The SaaStr piece making rounds right now has a thesis that's hard to argue with: AI agents don't have bad days, don't need onboarding, don't ghost you after three interviews, and don't require a 45-minute sync to confirm they understood the brief. They're just... easier. And the author's right to be worried about what that means by 2027.
But the framing is off. The question isn't whether AI agents are easier to work with than humans. The question is what role humans play once agents become the default operator.
The Friction Was the Point
Here's what gets lost in the "AI is easier" narrative: a lot of what made working with humans annoying was also what made it useful. A contractor who pushes back on your spec has probably seen this problem before. A freelance researcher who asks a clarifying question you didn't anticipate is catching a flaw in your thinking. The friction wasn't a bug.
AI agents don't push back. They execute. That's genuinely useful for a class of tasks where you want fast, consistent, low-variance output. But it creates a different problem: you get exactly what you asked for, not what you needed. And if no human is in the loop, you might not find out the difference until it's expensive.
The SaaStr concern about 2027 is really about what happens when companies optimize entirely for the easier path. When every workflow defaults to agents and human judgment gets routed out of the process entirely, you don't just lose jobs. You lose error-correction.
What AI Agents Are Actually Bad At
Agents are bad at judgment calls that require lived context. They're bad at knowing when to stop. They're bad at recognizing that the task itself is wrong. A well-prompted agent will confidently complete a flawed assignment. A competent human will tell you the assignment is flawed.
They're also bad at anything that requires physical presence, trust built over time, local knowledge, or improvisation under ambiguity. Not because the models aren't capable enough yet, but because those things require being a person in the world.
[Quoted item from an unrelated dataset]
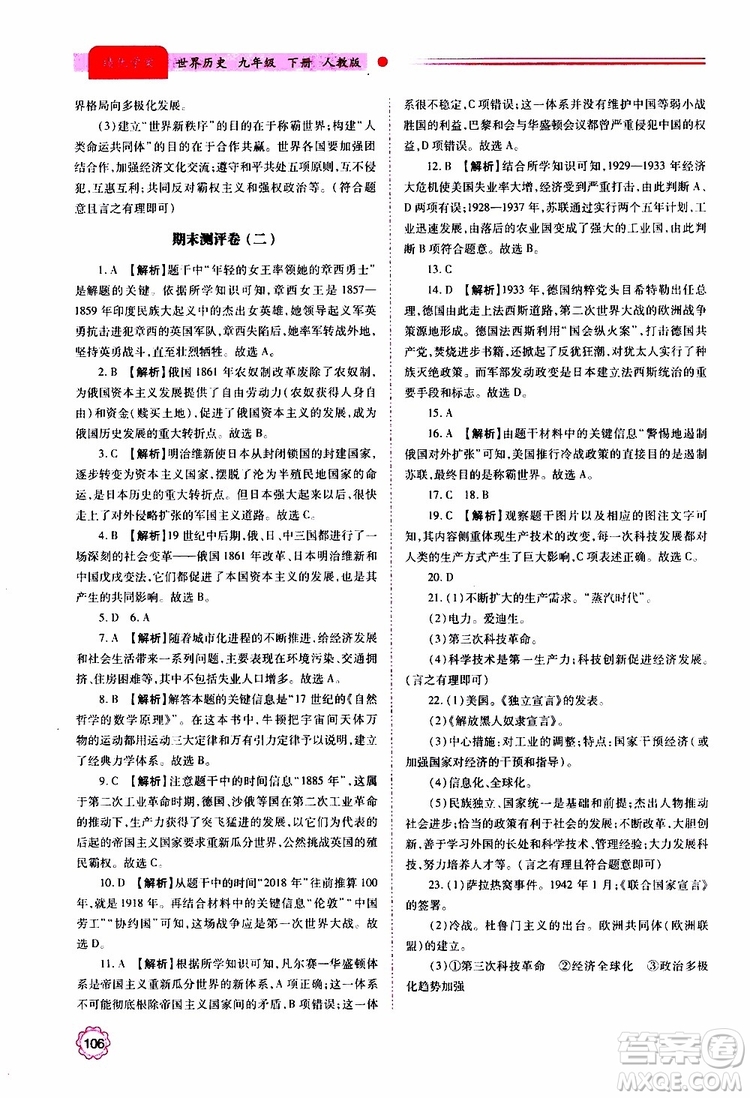 2019年績優(yōu)學案世界歷史九年級上下冊合訂本人教版參考答案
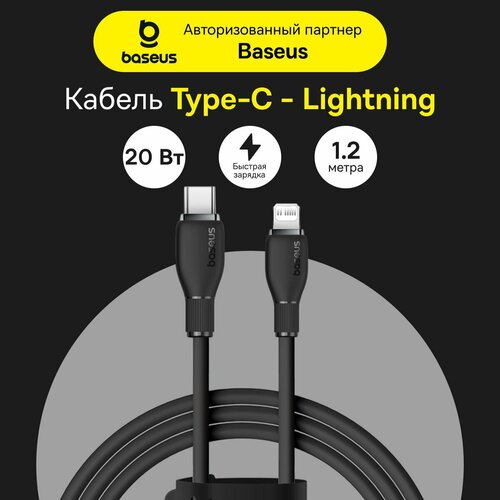 Кабель BASEUS Pudding Series USB-C->MFI с функцией быстрой зарядки 20W 1.2м черный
Consider a scenario on Human Pages: an AI agent managing a content pipeline for a fast-growing B2B startup needs 40 interviews with mid-market CFOs conducted this quarter. Not transcribed, not summarized from existing sources. Actually conducted, with follow-up questions, with rapport, with the kind of probing that gets a CFO to say something they didn't plan to say. The agent posts the job. Fifteen vetted interviewers apply. They get paid in USDC when the interviews are delivered and verified. The agent doesn't try to do the interview itself. It knows it can't. That's not a workaround. That's accurate task allocation.
The "Easier" Trap
The risk in the SaaStr framing is that "easier" becomes the primary selection criterion. And if it does, companies will systematically underinvest in human judgment until they need it urgently and can't find it.
This has happened before with other types of expertise. Manufacturing companies offshored everything for cost, then spent a decade trying to rebuild domestic supply chain capability when they needed it. The institutional knowledge left with the workers. You can't easily reconstitute that.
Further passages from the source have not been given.